Other infrastructure additions should total about 14 Bcf/d for natural gas processing and 1.3 million b/d of natural gas liquids fractionation capacity during the next several years, Jacob said. Fully 40% of that capacity will come out of the Marcellus Shale and Utica Shale alone, he added.

The 1.3 million b/d figure compares to 2.5 million b/d of current NGL production, meaning "about 50% of current production is what we'll add in infrastructure, and it's significant," Jacob said.

"We project the midstream infrastructure space will see about $40 billion of capex this year" -- a record level, he said. "We think next year you could see a similar level of spend and in 2015 it will be high as well. This dynamic should carry through to next three to five years."


Even as the boom continues, North America -- where almost all commercial shale production has occurred so far -- has moved into a "third phase" in the shale revolution, David Hewitt, Credit Suisse co-head of oil and gas research, said during the conference call.

The first step was "cracking the code" geologically and technologically, while the second is the manufacturing phase, Hewitt said. But "I sense a third phase, similar to total quality management in the 1990s where existing manufacturing processes chased efficiency gains."

In the core of nearly every play exists a "positive story" that should propel continued volume growth, the report said. "Over time, as the core gets drilled out and as the decline of existing wells becomes a more substantial hurdle, then production growth should slow. This appears several years off, particularly given recent geological success in the Permian," where companies are finding new productive areas such as the northern Midland Basin which has proved prolific this year.


Outside North America, shale development has come in "fits and starts," according to the report. China has the world's largest shale resource, estimated at 1,100 Tcf versus 650 Tcf in the US, but only one foreign trial has resulted in a production sharing contract this year, between Shell and PetroChina. And progress on 21 shale blocks awarded so far has been "slow, with just 15% of the the three-year capital spending obligation likely to be spent in 2013, the report said.

In Argentina, which has held promise on the shale front for several years now, Chevron and Dow have taken positions and the government is signaling it will back higher gas prices.

But shale development in Poland has "cooled" while that of the Ukraine has heated up, Credit Suisse analysts said. Giant oilfield services providers Schlumberger and Halliburton "are clearly focusing hard on Argentina, Australia, China, Saudi Arabia and to a lesser extent, Poland," Credit Suisse oilfield services analyst Jim Wicklund said.


However, the investment bank sees a cap on gas prices, given an "abundance" of those low-cost supplies in the US from enhanced productivity and cost control.

Industry has shown it can meet bullish demand projections for gas, power, transportation and LNG exports, Credit Suisse said.
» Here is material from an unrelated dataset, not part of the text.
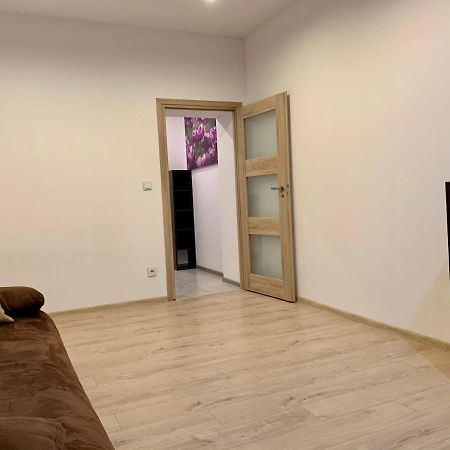 Felicjanek Apartment كراكوفيا المظهر الخارجي الصورة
Despite a relatively low price environment of $5/MMBtu or below, and against the views of many commentators, Credit Suisse's Commodities Research team believes US gas supplies will keep on rising.
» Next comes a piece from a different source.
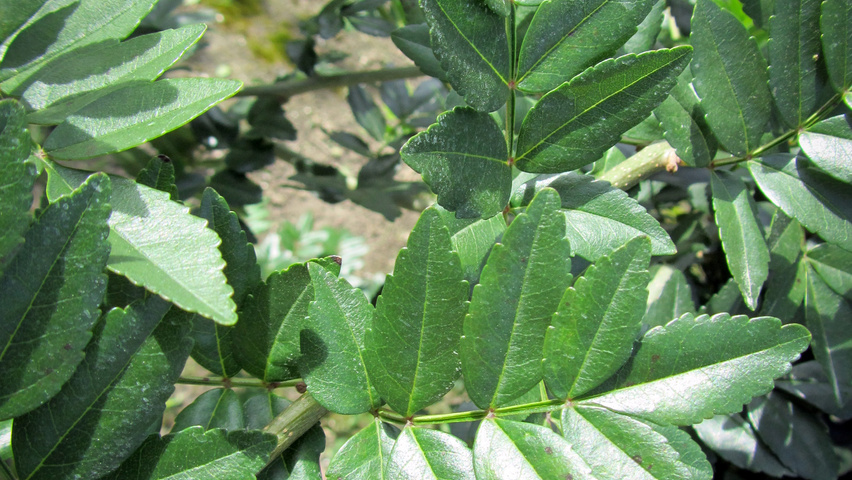 Fraxinus xanthoxyloides var. dumosa leaves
"It would require a significant increase in US demand to threaten a significant upward move in Henry Hub prices," the investment bank said.

US crude's impact on global oil prices is still "muted" as increased US production has coincided with global supply interruptions and Middle East/North African instability. Around 2.5 million b/d of oil production capacity has been put "offside" across the MENA region over the past few years including 2013, which roughly equates to the entire crude oil supply growth in the US of the last five years, the bank said.

"A significantly weaker oil price is not an imminent prospect," the report said.